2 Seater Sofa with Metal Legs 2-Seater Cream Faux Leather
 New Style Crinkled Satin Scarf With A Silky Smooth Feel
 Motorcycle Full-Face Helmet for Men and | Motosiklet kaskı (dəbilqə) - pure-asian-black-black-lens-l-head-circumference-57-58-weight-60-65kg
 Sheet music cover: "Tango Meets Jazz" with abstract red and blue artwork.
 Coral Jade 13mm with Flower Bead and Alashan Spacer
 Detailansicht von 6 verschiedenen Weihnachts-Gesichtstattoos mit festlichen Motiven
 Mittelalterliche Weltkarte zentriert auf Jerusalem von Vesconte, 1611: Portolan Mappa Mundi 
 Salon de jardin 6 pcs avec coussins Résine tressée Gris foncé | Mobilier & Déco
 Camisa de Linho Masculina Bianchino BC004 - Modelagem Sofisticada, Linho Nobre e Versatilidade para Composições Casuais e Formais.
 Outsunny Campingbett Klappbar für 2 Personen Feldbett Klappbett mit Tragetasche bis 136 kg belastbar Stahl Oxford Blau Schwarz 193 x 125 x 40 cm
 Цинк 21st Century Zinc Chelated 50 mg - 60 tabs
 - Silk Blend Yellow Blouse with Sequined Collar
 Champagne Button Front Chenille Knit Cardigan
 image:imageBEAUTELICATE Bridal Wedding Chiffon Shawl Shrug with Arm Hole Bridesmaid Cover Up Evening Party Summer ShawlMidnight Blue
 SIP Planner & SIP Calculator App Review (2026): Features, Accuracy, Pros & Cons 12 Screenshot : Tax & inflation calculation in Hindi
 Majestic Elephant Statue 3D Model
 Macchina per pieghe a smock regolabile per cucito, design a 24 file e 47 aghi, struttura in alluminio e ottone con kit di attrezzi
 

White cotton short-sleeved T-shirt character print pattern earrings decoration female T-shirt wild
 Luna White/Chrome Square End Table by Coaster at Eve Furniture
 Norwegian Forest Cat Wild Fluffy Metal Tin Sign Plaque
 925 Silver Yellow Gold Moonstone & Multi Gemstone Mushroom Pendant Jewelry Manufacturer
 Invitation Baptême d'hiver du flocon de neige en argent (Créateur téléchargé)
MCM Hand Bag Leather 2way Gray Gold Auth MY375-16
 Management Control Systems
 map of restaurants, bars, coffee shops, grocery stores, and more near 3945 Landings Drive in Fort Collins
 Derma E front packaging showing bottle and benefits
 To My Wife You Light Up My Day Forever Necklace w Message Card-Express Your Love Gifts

........

ASSIGNMENT
Your answer should be the lines from the one containing "MCM Hand Bag" to the end of the entries above, restated exactly and alone.

RESPONSE TO THE EXERCISE
MCM Hand Bag Leather 2way Gray Gold Auth MY375-16
 Management Control Systems
 map of restaurants, bars, coffee shops, grocery stores, and more near 3945 Landings Drive in Fort Collins
 Derma E front packaging showing bottle and benefits
 To My Wife You Light Up My Day Forever Necklace w Message Card-Express Your Love Gifts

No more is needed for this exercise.